Depuis le 1er janvier 2026, un nouveau dispositif de contrat à durée déterminée (CDD) appelé « CDD de reconversion » offre aux salariés en CDI la possibilité de changer de métier tout en conservant leur emploi initial. Cette avancée législative vise à faciliter la mobilité professionnelle et à sécuriser les parcours de reconversion, notamment pour les employés souhaitant explorer de nouveaux horizons sans prendre de risques majeurs.

Concrètement, ce dispositif permet à un salarié, par exemple un plombier, de signer un CDD dans une autre entreprise pour une période allant de six à douze mois, avec une option de retour à son poste d’origine à l’issue du contrat si l’expérience ne s’avère pas concluante. L’avantage majeur réside dans la suspension de son contrat dans son entreprise initiale, ce qui lui évite de démissionner et garantit une reprise possible, contribuant ainsi à une reconversion plus sereine.

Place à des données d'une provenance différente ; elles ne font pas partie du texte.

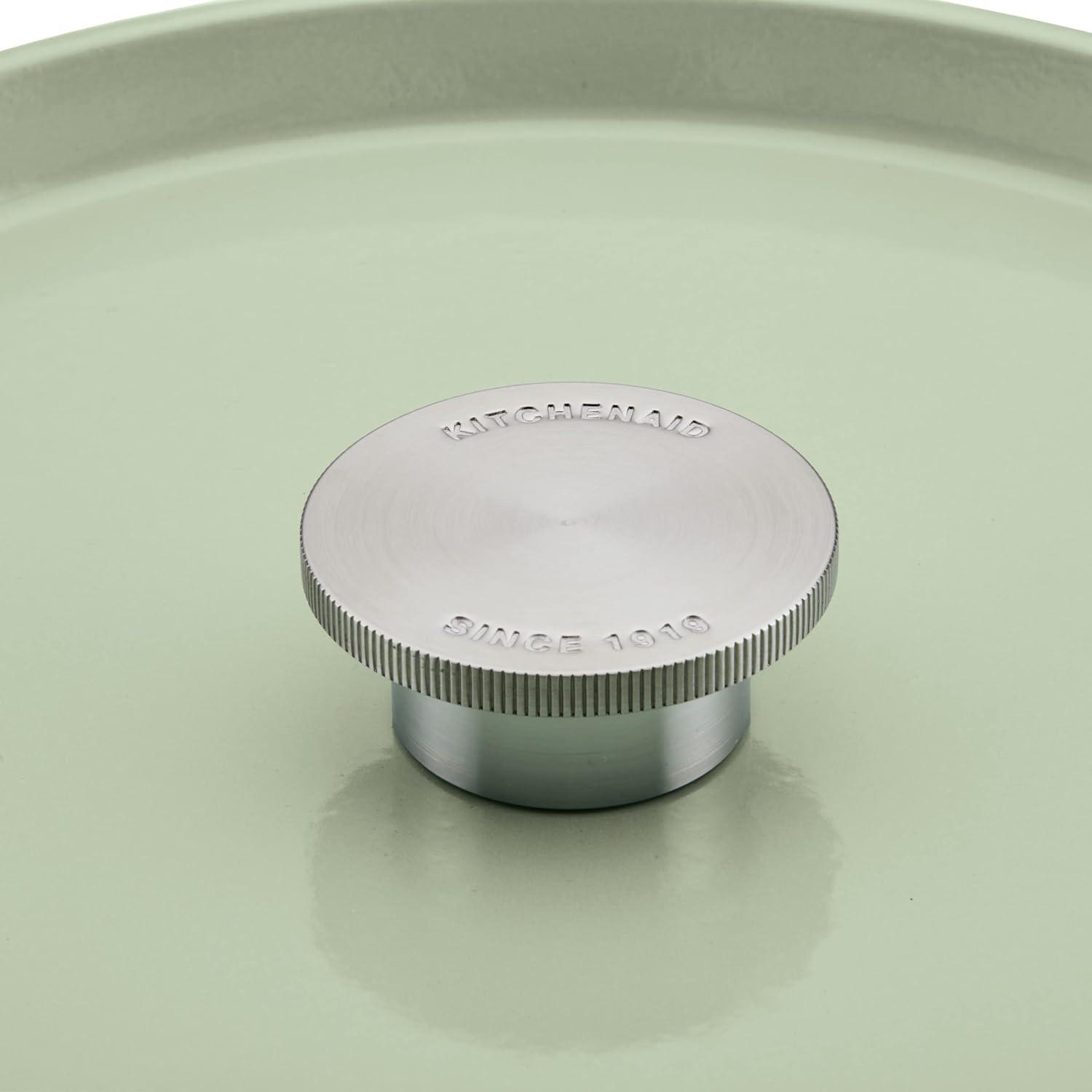 imageKitchenAid Enameled Cast Iron Dutch OvenCasserole 6 Quart Blue VelvetPistachio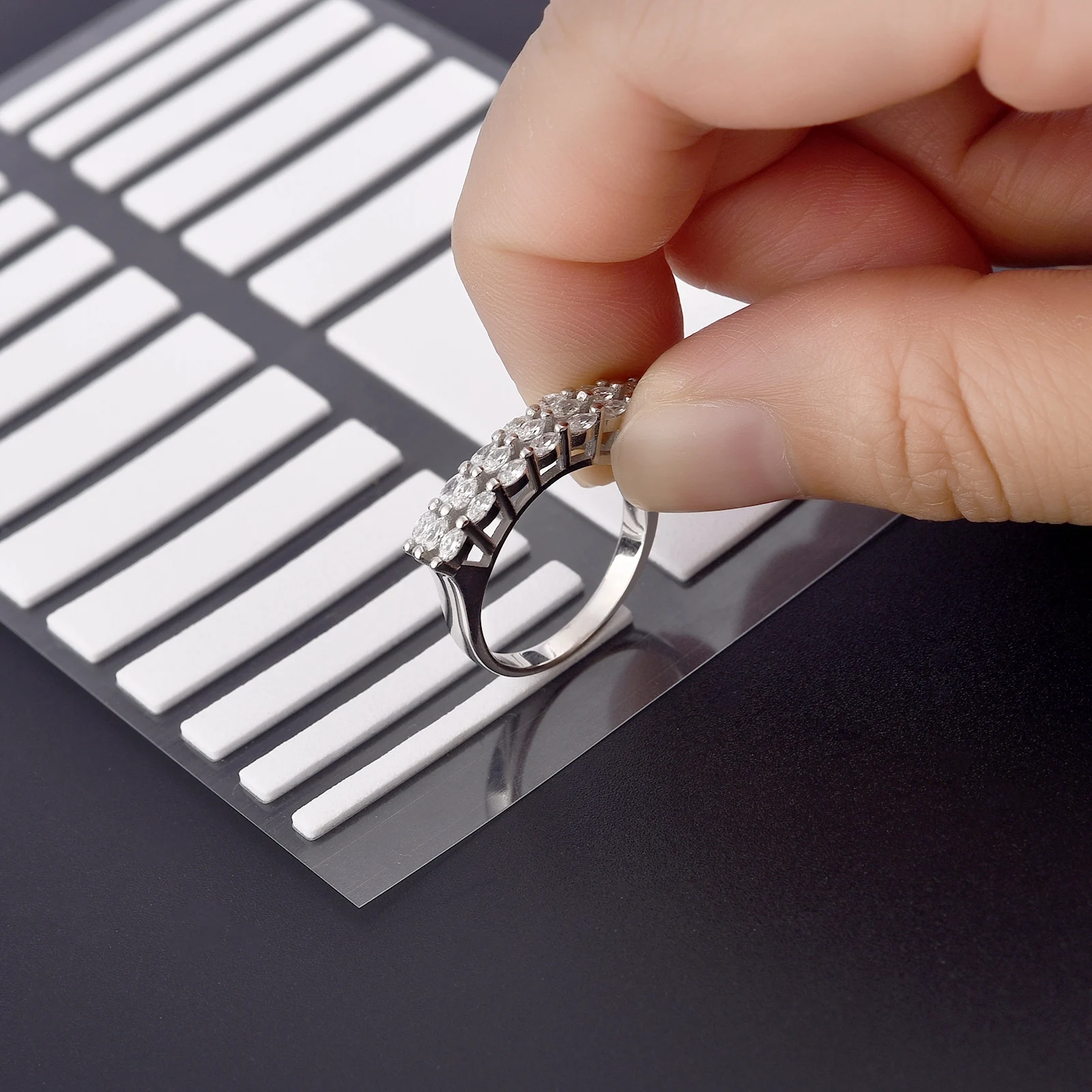 8Pcs Transparent Base Ring Size Adjustment Guard Invisible Ring Tightener  Reducer Resizing Tool Rubber Sticker Jewelry Tools - AliExpress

Ce nouveau contrat est une sécurisation pour le salarié, lui permettant d’expérimenter un nouveau métier en toute confiance tout en conservant une porte de sortie.

Ce CDD doit impérativement inclure des heures de formation, afin de préparer le salarié à son nouveau poste. La signature de ce contrat nécessite l’accord des deux entreprises impliquées, et il doit respecter une durée maximale d’un an. Selon le gouvernement, cette mesure vise à favoriser le maintien dans l’emploi des salariés, notamment des seniors, tout en stimulant leur évolution professionnelle et leur mobilité. Elle constitue une réponse concrète à la pénibilité de certains métiers et à la nécessité de s’adapter rapidement aux mutations du marché du travail, telles que l’impact croissant de l’intelligence artificielle.

Pour certains spécialistes RH, cette nouvelle formule représente une véritable opportunité pour les entreprises. Elle pourrait leur permettre de mieux accompagner la transition vers de nouvelles filières, tout en évitant des licenciements souvent perçus comme brutaux et délétères pour le climat social. Selon Boutayna Burkel, consultante RH, cela offre une passerelle moins conflictuelle pour ajuster les effectifs dans un contexte de transformation rapide des métiers, tout en encourageant une culture de la mobilité et de la reconversion en interne.

Cependant, cette innovation soulève également des questions quant à ses limites pratiques et ses effets à long terme. Eva Souto, spécialiste RH, souligne notamment la difficulté de gérer le retour au poste initial lorsque le salarié revient à l’issue de son CDD de reconversion, surtout si sa situation ou ses aspirations ont évolué. La crainte est que certains salariés, après avoir expérimenté un autre métier, puissent se retrouver désillusionnés ou dans une impasse si aucune évolution interne ne leur est proposée.

En résumé, ce dispositif offre de nouvelles perspectives pour une gestion plus flexible et humaine des carrières, mais sa mise en œuvre devra faire face à des défis organisationnels et humains importants. La réussite de ce procédé dépendra en grande partie de la capacité des entreprises à accompagner ces parcours et à intégrer ces nouvelles pratiques dans leur stratégie globale de gestion des ressources humaines.